El presidente Trump solía atacar al presidente Obama por ser débil con respecto a Siria por no ser más despiadado en la guerra de agresión dirigida por Estados Unidos, un preludio de la guerra contra Irán; que había trazado líneas rojas en la arena y desafió a los rusos a cruzar. Que los rusos habían visto su farol y no pasó nada, dijo, como si la muerte de cientos de miles y la destrucción de ciudades enteras no fueran nada.
Christopher Black*
Christopher Black*
El presidente Trump solía atacar al presidente Obama por ser débil con respecto a Siria por no ser más despiadado en la guerra de agresión dirigida por Estados Unidos, un preludio de la guerra contra Irán; que había trazado líneas rojas en la arena y desafió a los rusos a cruzar.

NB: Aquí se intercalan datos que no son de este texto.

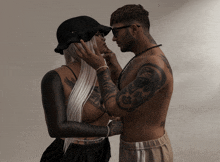 a man with a tattoo on his neck holds a woman 's face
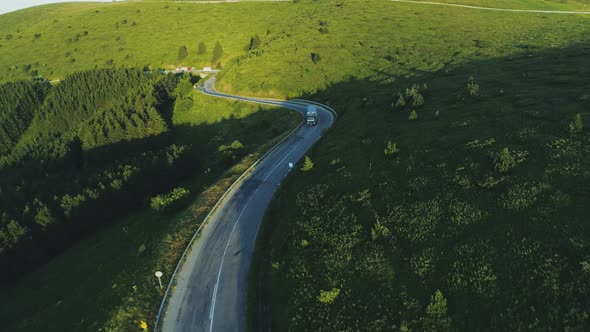 Semi Truck Driving on Asphalt Road in a Rural Landscape with Green Forested Hills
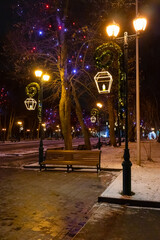 Lampposts and trees in the garden with festive Christmas decorations. Candles on street lampposts and different-colored bulbs on branches in the park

Que los rusos habían visto su farol y no pasó nada, dijo, como si la muerte de cientos de miles y la destrucción de ciudades enteras no fueran nada.
Trump se jactó de que cuando estuviera en el poder y que Estados Unidos "volviera a ser grande", Rusia se vería obligada a bailar al ritmo de Estados Unidos porque, por supuesto, el presidente Putin lo respetaría más, cometiendo el error de pensar que Vladimir Putin respeta la brutalidad y la arrogancia en lugar de las buenas intenciones y la inteligencia.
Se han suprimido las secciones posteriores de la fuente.